Took my boy to the big, woodsy dog park nearby a little while ago. Took him to the back area where there is a big lake so he could stay cool while getting exercise.
Was doing his normal 'swim & splash, while trying to catch the water he splashes upwards' game.

A guy there had thrown in a ball at some point for his dog, but it wouldn't go out far enough to get it. The other dogs were too busy running around & playing, barely going into the water. The guy came over to me and asked, "do you think your dog would get a ball out of the water? He seems to have no issue with swimming." "Well, he'll retrieve in the water, but it kind of really helps if he sees it get thrown out, but I suppose we can try."
I called him to shore, as he was half way across the lake; he swam back like a little crocodile. Instructed him to follow me. Sat him down to be lined up with the ball. I pointed out towards the ball and told him to go get it (while wondering if he has any idea what I'm actually pointing to, as there are sticks floating nearby & along the way to the ball). He went in and started swimming out.
It felt like everyone was watching, as I heard someone a bit behind us say, "no wayyyy" as if in disbelief. He grabbed the ball, spun, swam back, dropped the ball onto dry land, and sat next to it with a look of, "task complete. Awaiting further instructions."

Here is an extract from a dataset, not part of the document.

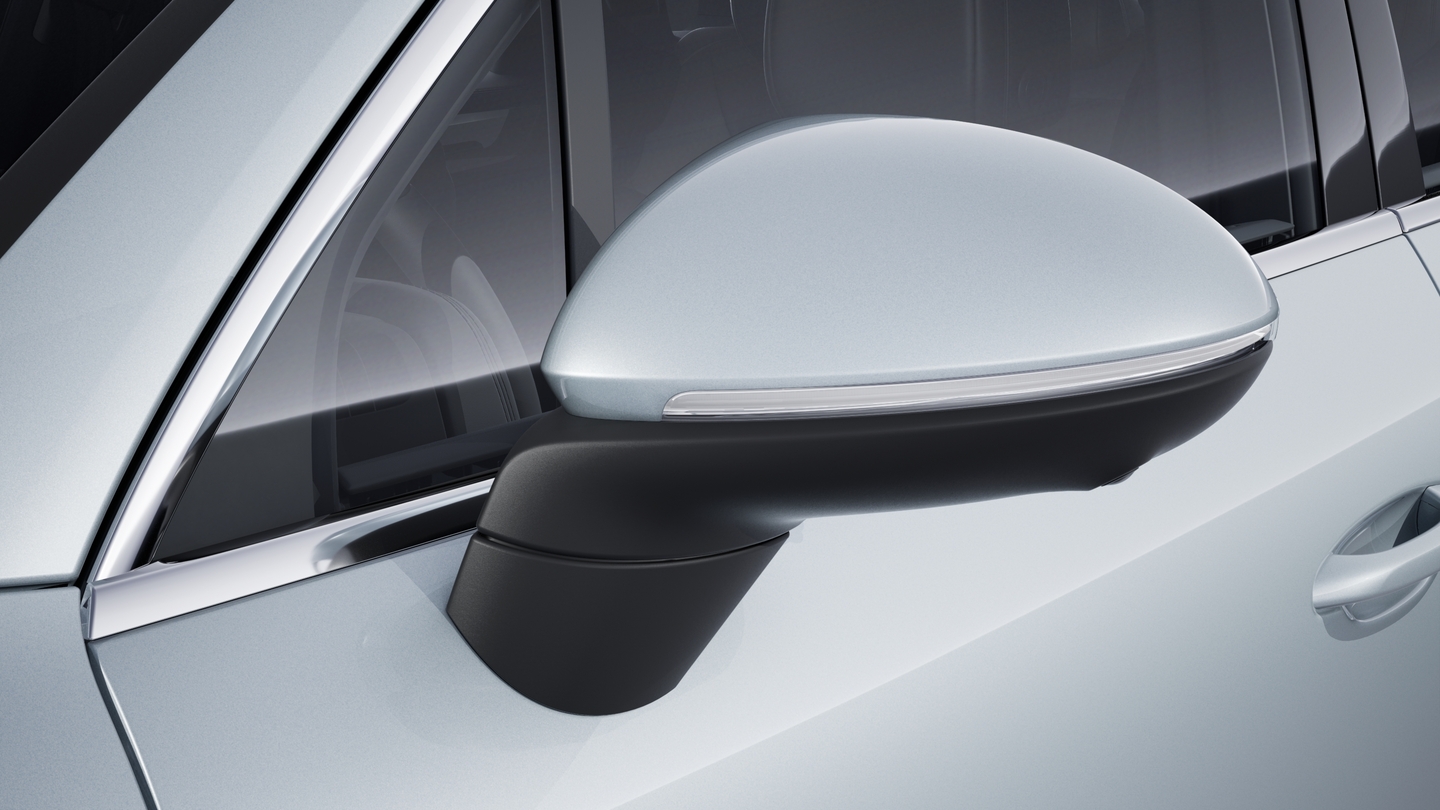 Exterior mirror lower trims including mirror base in Black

Picked it up and handed it to the guy. "That's awesome!" He excitedly thanked me and said to his dog, "now that's a real dog!"

Lots of compliments today on his behavior & how well he listens, too. Almost 15 months old now and it's been feeling like the last month or two he's been really dialed in.


----------



## Mary Beth (Apr 17, 2010)

:congratulations: he did a great job!


----------



## Castlemaid (Jun 29, 2006)

Superb!!! What a great team you two make!


----------